The matter is being remanded in any event, and if on remand the date of injury is still found to be 1962, then the Commissioner may find that the smoke exposure resulted in partial incapacity under Sec. 31-308(a) and award a weekly partial benefit rate for any weeks during which that situation existed.
Since the date of injury found will not sustain the award made for the jurisdictional reasons we have enumerated, the rulings below are inconsistent. The award must be vacated and the matter remanded for further proceedings. We cannot determine from the record before us whether the 1962 smoke exposure was a single accident setting in motion a process eventually resulting in incapacity to work without any further involvement from Claimant's work or whether the 1962 incident was simply the first event in a continuing disease process contributed to by elements involved in the work. Similarly, with respect to the hypertension, did that condition remain as it was in 1965, did it then develop into a partially or totally disabling condition without any further work involvement, or did work after 1967 contribute to a continuing deterioration in the process resulting in the disability which occurred in 1973?
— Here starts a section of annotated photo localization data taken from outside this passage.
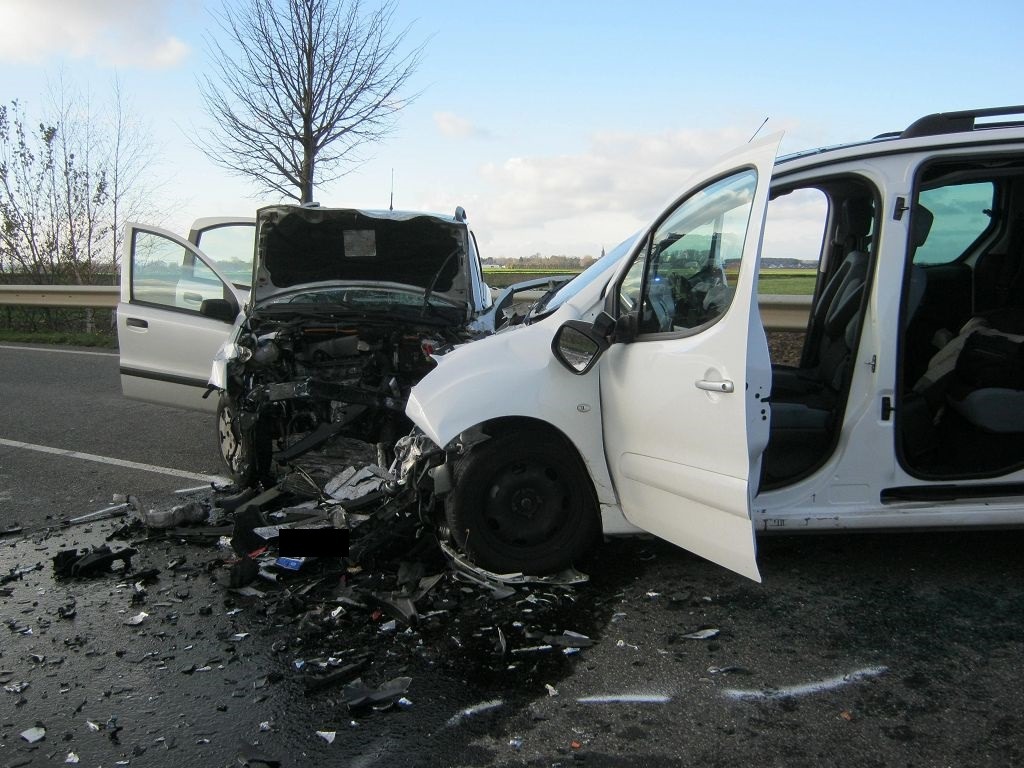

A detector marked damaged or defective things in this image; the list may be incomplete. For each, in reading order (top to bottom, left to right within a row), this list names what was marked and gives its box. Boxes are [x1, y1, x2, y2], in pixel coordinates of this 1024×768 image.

severely damaged car [118, 202, 544, 480]
crumpled hood [252, 208, 472, 310]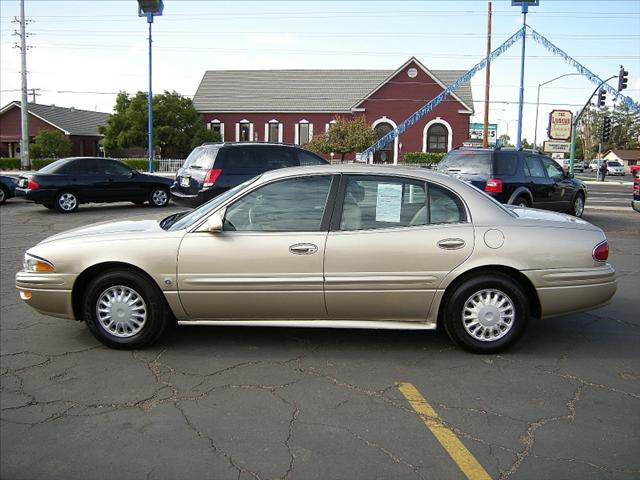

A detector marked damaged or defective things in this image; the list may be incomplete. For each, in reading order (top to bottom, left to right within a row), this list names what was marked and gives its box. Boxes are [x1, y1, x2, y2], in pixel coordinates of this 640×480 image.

cracked pavement [1, 197, 640, 478]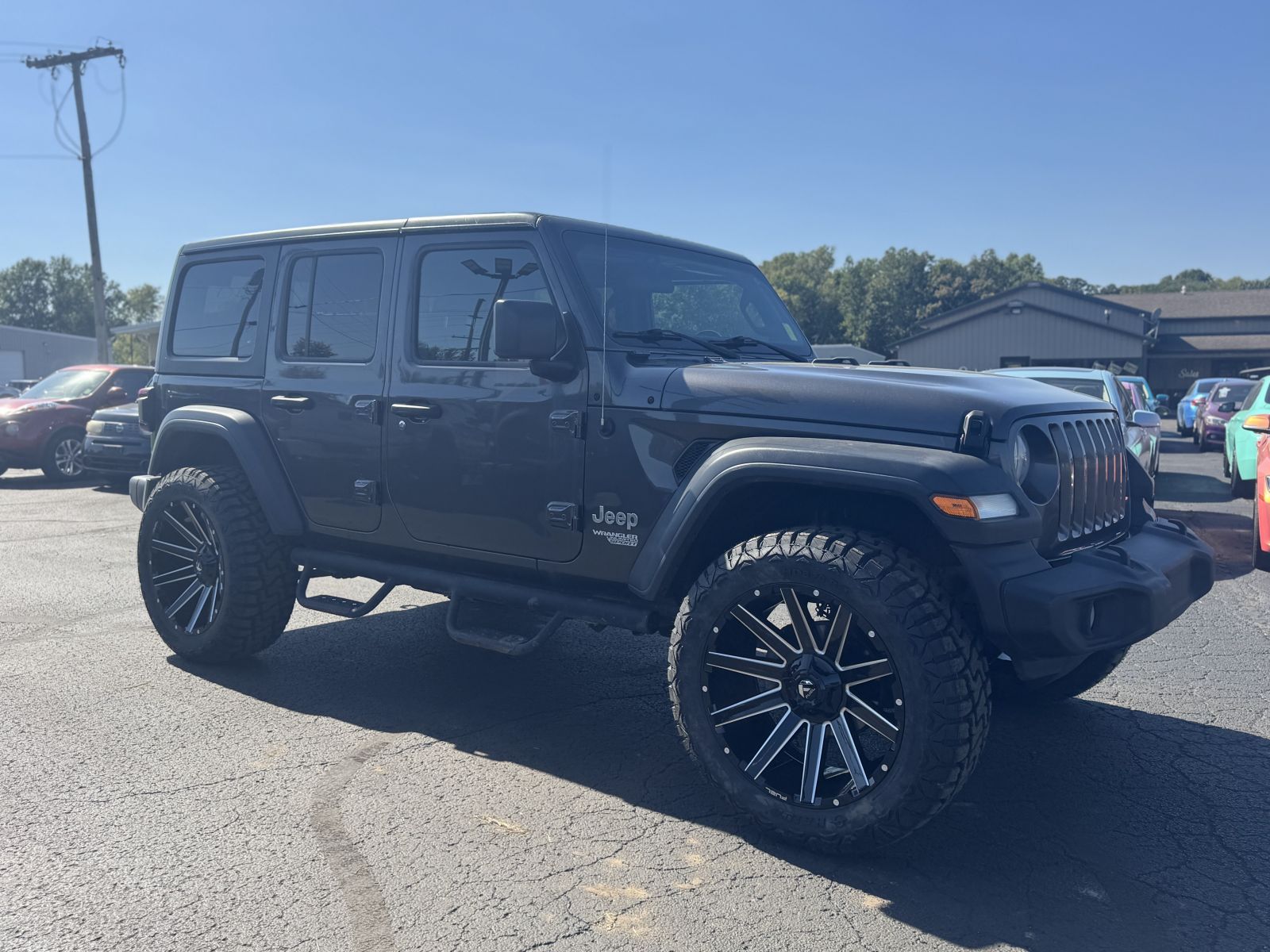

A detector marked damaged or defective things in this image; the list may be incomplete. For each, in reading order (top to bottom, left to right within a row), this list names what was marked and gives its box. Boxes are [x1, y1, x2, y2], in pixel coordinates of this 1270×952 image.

crack in pavement [310, 741, 394, 949]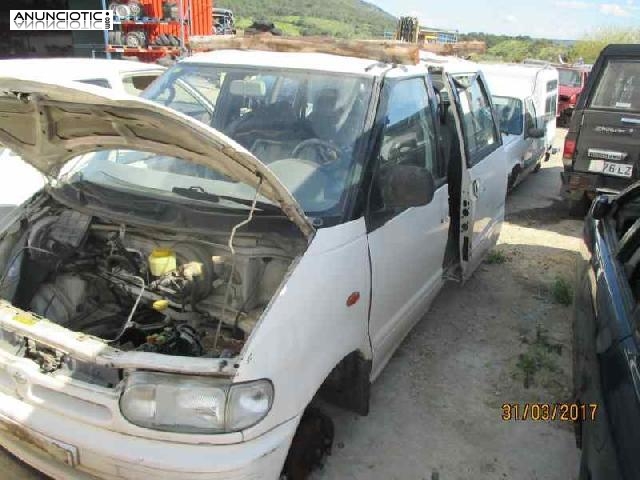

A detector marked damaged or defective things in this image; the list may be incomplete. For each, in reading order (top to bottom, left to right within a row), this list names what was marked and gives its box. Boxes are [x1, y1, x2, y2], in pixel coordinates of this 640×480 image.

damaged white van [0, 47, 504, 478]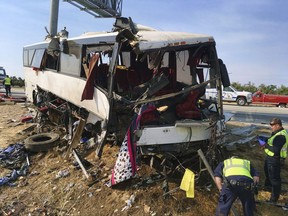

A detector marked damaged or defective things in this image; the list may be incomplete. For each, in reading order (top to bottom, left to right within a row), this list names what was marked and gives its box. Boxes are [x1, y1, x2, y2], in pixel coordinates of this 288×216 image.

detached tire [25, 132, 60, 152]
wrecked white bus [22, 16, 230, 175]
crushed bus body [22, 16, 231, 178]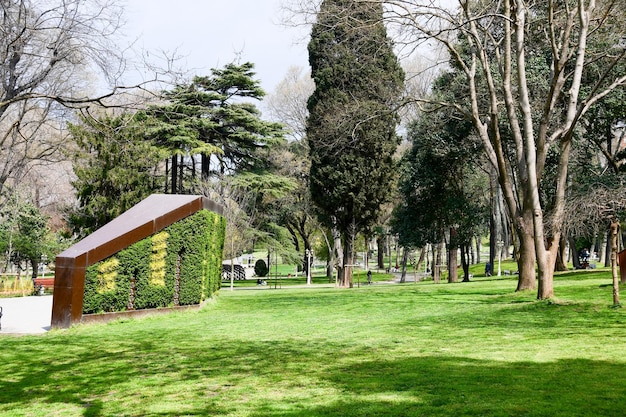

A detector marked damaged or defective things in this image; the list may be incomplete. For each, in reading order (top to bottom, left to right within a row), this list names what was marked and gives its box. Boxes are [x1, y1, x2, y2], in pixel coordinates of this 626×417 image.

rusted metal structure [51, 194, 222, 328]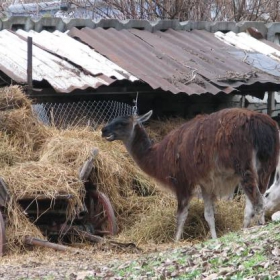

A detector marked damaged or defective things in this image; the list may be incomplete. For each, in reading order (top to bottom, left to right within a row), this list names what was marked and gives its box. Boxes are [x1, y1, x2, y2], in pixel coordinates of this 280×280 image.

rusty roof panel [68, 27, 280, 95]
Dombrowski v. Jennings Griffin Co., 103 Conn. 720 (1926) provides some guidance in the further inquiry we have ordered. That case involved a 1924 claim for disabling pneumoconiosis first discovered in October, 1923 but probably existent long before that date. The defendant employers argued that it existed before 1919 when occupational disease first became compensable under Connecticut law and that they were responsible only for that portion of the claim represented by the aggravation of the disease between July 1, 1919, the effective date of the occupational disease amendment and December 6, 1924, the last day worked. The Supreme Court affirmed the Commissioner's award of benefits holding that the employer had not sustained the burden of proof that the disease pre-existed July 1, 1919. We do not suggest Dombrowski governs here but simply point to its reasoning and analysis as parallel in many respects to this case.
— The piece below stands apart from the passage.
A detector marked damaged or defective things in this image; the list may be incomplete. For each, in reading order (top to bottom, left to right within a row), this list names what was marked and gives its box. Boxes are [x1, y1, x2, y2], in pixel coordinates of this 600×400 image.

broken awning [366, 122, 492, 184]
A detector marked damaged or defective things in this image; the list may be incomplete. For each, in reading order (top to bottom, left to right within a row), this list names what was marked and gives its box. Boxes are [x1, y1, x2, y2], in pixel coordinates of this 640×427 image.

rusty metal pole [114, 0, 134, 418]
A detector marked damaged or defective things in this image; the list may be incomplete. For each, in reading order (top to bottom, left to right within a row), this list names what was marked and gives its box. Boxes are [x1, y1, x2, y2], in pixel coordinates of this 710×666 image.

Appellant's other contention on appeal, i.e. that he should have received total rather than partial disability benefits does not necessitate extensive analysis. Revoir v. New Britain, 2 Conn. App. 255 (1984), aff'g our decision, 101 CRD-6-81, 1 Conn. Workers' Comp. Rev. Op. 213 holds that Sec. 7-433c did not create a permanent total disability benefit for those who could no longer perform a municipal police or fire job. Rather, those individuals had to satisfy the requirements of chapter 568 to receive total rather than partial benefits. Those determinations are for the trial Commissioner to make on a case by case basis. He found here Claimant partially not totally disabled. We cannot retry the facts, Fair v. People's Savings Bank, 207 Conn. 535 (1988). Therefore, we affirm the Seventh District on that point.
The appeal is sustained, the award is vacated and the matter is remanded for further proceedings consistent with this opinion.
Commissioners A. Paul Berte and Robin Waller concur.